Westend61 / Getty Images / Westend61

Avec le changement climatique, l’entretien d’un jardin peut s’avérer plus complexe, notamment face aux restrictions d’eau.

GIARDINARU – « C’est quelque chose qu’il ne faut en aucun cas envisager à court terme, cela prendra au moins quelques mois », commence Jean-Paul Thorez, joint par téléphone, depuis le Sud. L’auteur de Solutions pour un jardin résilient (Terre Vivante, 2022) le dit d’emblée au HuffPost : adapter son jardin aux effets du changement climatique « cela nécessite de changer sa façon de jardiner ».

Canicules successives, températures moyennes plus élevées, mais aussi précipitations plus intenses et épisodes orageux : les effets du changement climatique se font déjà sentir en France, et notamment dans les jardins privés, très consommateurs d’eau. « Il y a de 300 à 900 litres d’eau, selon les conditions, pour développer 1 kg de matière sèche de la plante (10 % du poids d’une plante) », se souvient Jean-Paul Thorez dans son livre.

Alors, comment faites-vous face à ces effets, en particulier les pénuries d’eau ? Le jardinier Jean-Paul Thorez et la paysagiste Joëlle Roubache apportent des conseils complémentaires au HuffPost.

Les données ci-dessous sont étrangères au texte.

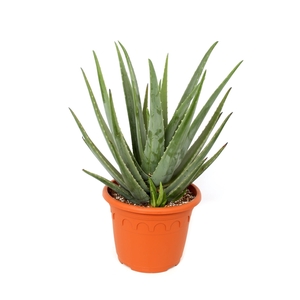 Aloe vera 35 cm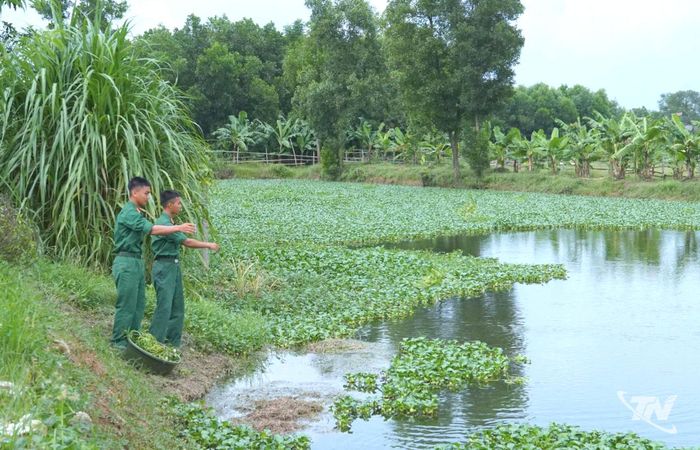 Ao cá của Lữ đoãn Pháo binh 382 được quy hoạch gọn gàng, hợp lý.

Se concentrer sur les arbres

Se concentrer sur les arbres

Première étape : Faites attention aux arbres que vous plantez. « Une des solutions est de choisir des végétaux plus résistants à la chaleur, notamment les arbres car ils ont une durée de vie de plusieurs années. Il faut anticiper que le réchauffement climatique sera plus fort et choisir des espèces peu consommatrices d’eau », souligne Joëlle Roubache. paysagiste illustre : « Par exemple, vous devriez opter pour un chêne vert plutôt qu’un saule pleureur.

« Les fleurs, de toute façon, c’est compliqué de faire une sélection, elles demandent généralement beaucoup d’arrosage. Mais on peut déjà éviter les roses qui consomment beaucoup d’eau », ajoute-t-il ensuite.

« En plus des cerises ou des pommes comme on en a l’habitude, on peut aller vers des espèces un peu plus résistantes à la sécheresse, comme les figues. Ça s’adapte à des régions de plus en plus grandes car les hivers sont aussi plus doux », conseille Jean-Paul. Thorez. Vous pouvez aussi opter pour des abricotiers, note le spécialiste.

Autre suggestion du jardinier : l’olivier. « Il est à la mode en ce moment car c’est un arbre très résistant à la sécheresse mais il n’a pas besoin de produire plus que dans sa zone habituelle, la zone méditerranéenne, car il ne manque pas d’heures d’ensoleillement », rappelle le journaliste et auteur de Solutions pour a. Jardin résilient.

Créer des zones de fraîcheur

En plus de renouveler votre palette végétale, il est important d’organiser ingénieusement votre jardin, pour créer des zones de fraîcheur. « Une des solutions est d’apporter de l’ombre en plantant des arbres, qui créent de la fraîcheur pour les autres plantes », soutient Joëlle Roubache.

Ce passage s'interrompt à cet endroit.